● **About this exercise**
Quote every line below exactly and skip any picture.

** Given data follows **

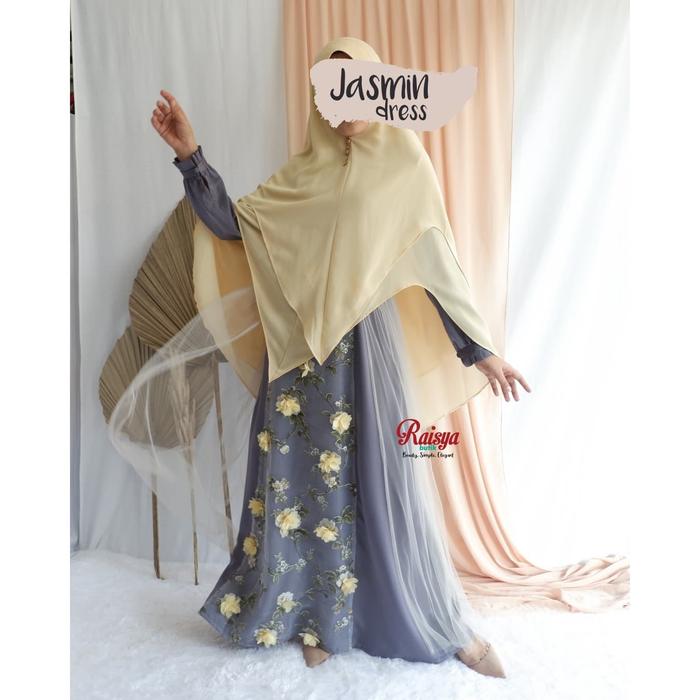 Gamis Set Cavalli / Gamis Set Jasmine / Gamis Set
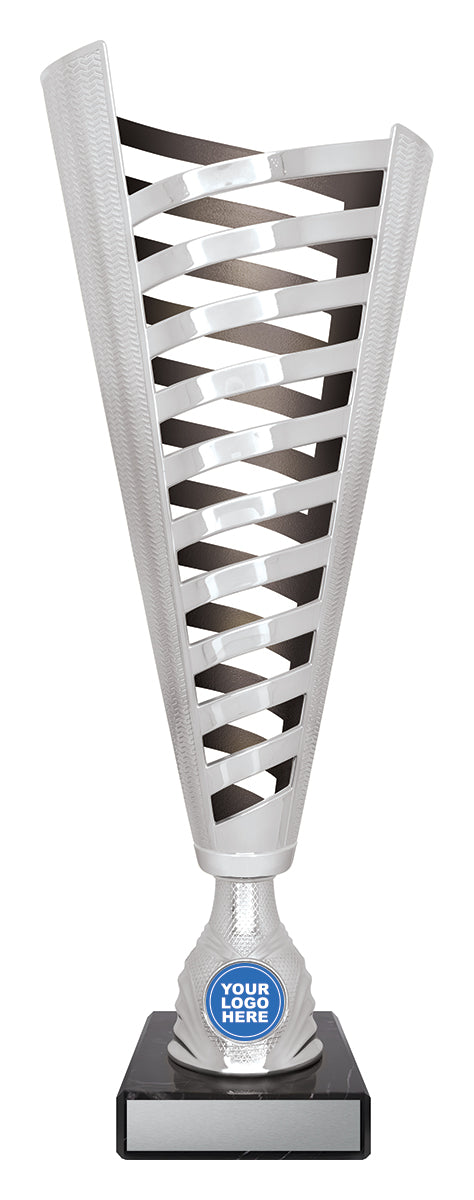 Citadel - Silver / Black 330mm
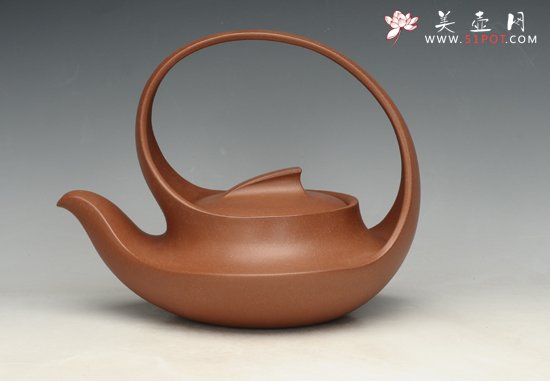 紫砂壶图片：曲壶 - 宜兴紫砂壶网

** End of Given data **

● **Solution to this task**
 Gamis Set Cavalli / Gamis Set Jasmine / Gamis Set
 Citadel - Silver / Black 330mm
 紫砂壶图片：曲壶 - 宜兴紫砂壶网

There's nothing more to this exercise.